Nadia Granados usa todos los fetiches de la exhibición sexual consolidados por siglos de objetualización del cuerpo femenino, pero subvirtiéndolos hasta lograr sus propios fines, cambiando su sentido, manipulándolos a su antojo. Con ellos agrede la mirada erotizante, los contamina políticamente, sin dejar de disfrutar ella misma de su cuerpo. Anatema mayúsculo, porque lo hace sin el consentimiento de la mirada social. No se comporta como una mujer decente (incluso ni siquiera como una artista decente, como muchos críticos varones se lo han hecho saber).

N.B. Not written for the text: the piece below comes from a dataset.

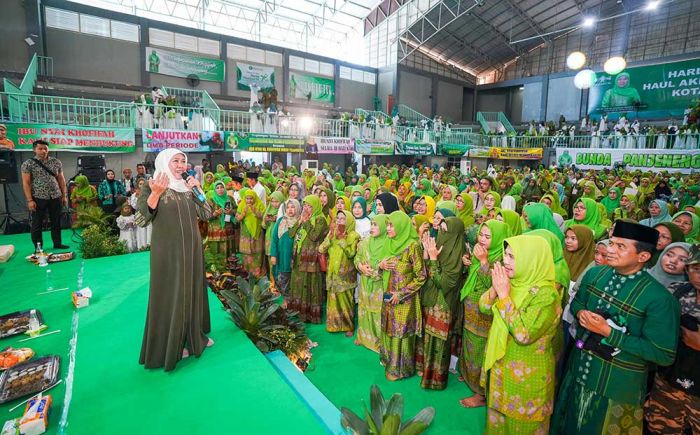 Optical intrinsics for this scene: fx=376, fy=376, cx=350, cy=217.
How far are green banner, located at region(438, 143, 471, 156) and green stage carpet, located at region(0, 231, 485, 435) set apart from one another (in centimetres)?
1523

Todavía más al este del Edén se sitúa Érika Ordosgoitti. En un espacio público como el de Venezuela «definido por el abuso», dice, «donde la experiencia unificadora de
los cuerpos femeninos es el acoso sexual y el desprecio por el espacio personal» (Blanco 2016), su estrategia es la absoluta desnudez, más allá de cualquier artilugio de seducción. Sale desvestida, pero no para hacer una incitación sexual, y ello produce un profundo desacomodo en las leyes visuales de esta tierra, cuna de exhibicionistas
miss universos. Un lugar donde, dice la artista, «los cuerpos de las mujeres son un producto que todo el mundo está acostumbrado a ver, usar y erotizar» (Blanco 2016). El problema no es, pues, que esté desnuda, sino que sea ella misma quien se ha desnudado y le haya cambiado el significado a este acto. Una decisión que la vuelve monstruosa. Y así se lo hacen saber los comentarios que inundan su muro de Facebook, donde con sus fotoasaltos también perturba el heteronormativo espacio virtual: «Qué asco me das, eres horribleee», «ke clase de arte askerosa es esto, man!!».

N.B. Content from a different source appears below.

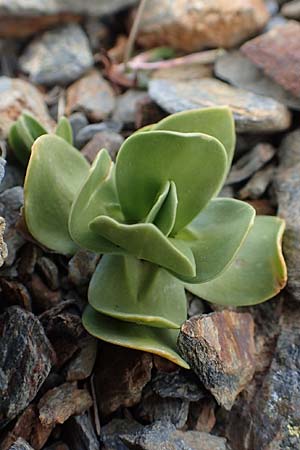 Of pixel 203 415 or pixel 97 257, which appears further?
pixel 97 257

No es fácil soportar la agresividad de su cuerpo de hembra total, carente de cualquier mascarada, perdido en los laberintos de asfalto de la ciudad. Se pasea por sus ruinas, alcantarillas, detritos industriales, ríos-tumba y parajes marginales porque siente que ellos desnudan los maquillajes de una sociedad fallida. Como un ser biológico, prehistórico, su cuerpo sexuado nada ofrece; solo señala. Con su desnudez y la de la ciudad busca «visualizar cómo el poder está funcionando realmente» (Blanco 2016). Se ha quitado de encima los discursos patriarcales para construir un cuerpo desde sí misma y para sí misma. Una leona suelta, desestabilizadora, política, más allá de cualquier regla del uso del espacio público. Libre. Una libertad que no en vano relaciona con recuperar el movimiento: «El arte está profundamente relacionado con la libertad, y la libertad con la acción» (Blanco 2016).

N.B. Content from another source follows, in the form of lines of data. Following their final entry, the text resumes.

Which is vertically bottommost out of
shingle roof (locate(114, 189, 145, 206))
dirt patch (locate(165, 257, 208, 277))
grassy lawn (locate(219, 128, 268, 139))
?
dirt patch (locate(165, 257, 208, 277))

La calle que palpa y enfrenta Janet Toro no solo se extiende horizontalmente, de un punto a otro de la ciudad; se trata de una calle atravesada por las fuerzas verticales del tiempo y la historia. Y es su condición cronográfica más que geográfica la que quiere visibilizar. Son calles palimpsesto, hechas de capas que se superponen para enterrar a los muertos. Cuando salió a recorrerlas en 1999, estaban llenas de huecos, de edificios destruidos donde hubo sitios de detención y tortura, de bocas cerradas. Los números de las puertas habían sido cambiados. Así, además de los interdictos tradicionales sobre un cuerpo femenino, el suyo debe lidiar con otros, como el de la orden del olvido implantada por la dictadura.
Su estrategia no es alzar la voz para que la escuchen en un país de sordos, sino el señalamiento, la poesía, el rito preciso. Inserta su silencio en medio de «los gritos de la historia» (Toro 2012). Vuelve a transitar la ruta del horror para reescribirla con señales efímeras que visibilicen el borrado mapa de los atropellos estatales. Superpone a la ciudad herida su cuerpo, mientras a su cuerpo impone las heridas de la ciudad. Recurriendo a estrategias más dramáticas y simbólicas que las de Ordosgoitti o Granados, recrea los ahorcamientos, ahogamientos, violaciones en su carne. Le ofrece su presencia al fantasma de los desaparecidos.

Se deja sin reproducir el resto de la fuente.